Education Minister David Eggen introduced a bill in the legislature to change the governance plan of the Northland School Division and bring order to what officials say had become a confusing overlap of responsibilities.
“We are committed to protecting and improving education in Northland School Division,” Eggen said in a statement on Tuesday. “We are taking the step of re-establishing an elected board of trustees during municipal elections this fall to make sure the communities served by Northland are able to make decisions democratically to support student success.”
The Northland Division makes up much of northern Alberta overseeing 23 schools and 2,700 students, most of whom are indigenous.
The division’s former 23-member board, made up of locally-elected representatives, was fired by the former Progressive Conservative government more than seven years ago.
Watch below: On Oct. 27, 2015, Fletcher Kent filed this report after Alberta’s then-education minister said it’s time residents of the Northland School Division once again elect its school board.
The division has been run by a government-appointed trustee ever since, but Eggen’s bill will have it governed by a board of no more than 11 elected representatives.
The bill also sets up a committee of First Nations representatives to help trustees make decisions that reflect the region’s culture and diversity.
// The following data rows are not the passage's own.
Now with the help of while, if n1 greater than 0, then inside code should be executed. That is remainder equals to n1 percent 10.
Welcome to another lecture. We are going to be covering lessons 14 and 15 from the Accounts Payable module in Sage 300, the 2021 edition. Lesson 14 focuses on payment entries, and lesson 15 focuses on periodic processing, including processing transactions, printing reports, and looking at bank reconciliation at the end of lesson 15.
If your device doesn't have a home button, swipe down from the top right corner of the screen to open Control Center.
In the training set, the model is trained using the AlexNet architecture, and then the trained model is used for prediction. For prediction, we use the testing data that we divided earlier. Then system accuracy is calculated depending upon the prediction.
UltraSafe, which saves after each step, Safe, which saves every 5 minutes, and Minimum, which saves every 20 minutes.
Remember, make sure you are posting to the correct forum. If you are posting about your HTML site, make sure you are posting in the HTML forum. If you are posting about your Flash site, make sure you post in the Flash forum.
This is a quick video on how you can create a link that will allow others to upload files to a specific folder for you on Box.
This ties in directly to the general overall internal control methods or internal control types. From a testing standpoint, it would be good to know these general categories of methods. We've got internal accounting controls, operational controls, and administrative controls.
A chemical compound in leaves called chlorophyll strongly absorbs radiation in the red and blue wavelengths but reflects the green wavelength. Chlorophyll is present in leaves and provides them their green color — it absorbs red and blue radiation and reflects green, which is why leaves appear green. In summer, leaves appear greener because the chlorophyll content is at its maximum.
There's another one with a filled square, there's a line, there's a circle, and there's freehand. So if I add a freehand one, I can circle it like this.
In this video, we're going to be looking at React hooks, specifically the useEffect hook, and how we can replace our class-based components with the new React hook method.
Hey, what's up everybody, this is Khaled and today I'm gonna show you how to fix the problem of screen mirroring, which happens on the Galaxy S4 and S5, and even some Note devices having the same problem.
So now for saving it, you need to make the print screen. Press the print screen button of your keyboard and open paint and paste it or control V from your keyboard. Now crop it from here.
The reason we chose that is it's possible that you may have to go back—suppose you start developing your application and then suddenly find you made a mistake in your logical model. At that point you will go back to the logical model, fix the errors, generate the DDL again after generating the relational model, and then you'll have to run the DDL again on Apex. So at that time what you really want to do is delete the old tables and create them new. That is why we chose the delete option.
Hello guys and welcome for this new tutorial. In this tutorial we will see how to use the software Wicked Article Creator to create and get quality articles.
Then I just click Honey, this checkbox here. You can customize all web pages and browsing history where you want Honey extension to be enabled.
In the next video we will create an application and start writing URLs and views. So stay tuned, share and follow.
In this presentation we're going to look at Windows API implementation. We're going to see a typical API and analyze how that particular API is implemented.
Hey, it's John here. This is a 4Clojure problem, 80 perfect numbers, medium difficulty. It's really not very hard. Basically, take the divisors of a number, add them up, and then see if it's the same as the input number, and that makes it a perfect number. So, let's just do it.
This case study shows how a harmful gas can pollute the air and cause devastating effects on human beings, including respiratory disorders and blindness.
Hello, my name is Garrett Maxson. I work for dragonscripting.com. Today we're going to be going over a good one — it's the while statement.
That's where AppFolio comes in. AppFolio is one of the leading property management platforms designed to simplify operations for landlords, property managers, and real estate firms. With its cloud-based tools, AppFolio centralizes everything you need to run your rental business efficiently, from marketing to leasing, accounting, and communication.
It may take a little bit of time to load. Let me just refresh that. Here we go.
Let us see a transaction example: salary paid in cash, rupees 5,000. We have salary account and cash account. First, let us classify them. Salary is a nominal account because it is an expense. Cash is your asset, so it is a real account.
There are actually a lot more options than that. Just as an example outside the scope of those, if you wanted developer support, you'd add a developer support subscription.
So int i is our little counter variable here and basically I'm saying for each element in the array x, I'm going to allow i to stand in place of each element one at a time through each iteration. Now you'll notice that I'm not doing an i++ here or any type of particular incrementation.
“Community voice is so important to the success of our children,” Rita Marten, director of education for the Athabasca Tribal Council and an Elder with the Mikisew Cree First Nation, said in a statement. “Expanding the advisory body to a school council model will ensure all First Nations and community members in Northland School Division have a voice in supporting student learning, while having the flexibility to ensure the unique needs of their community are considered.”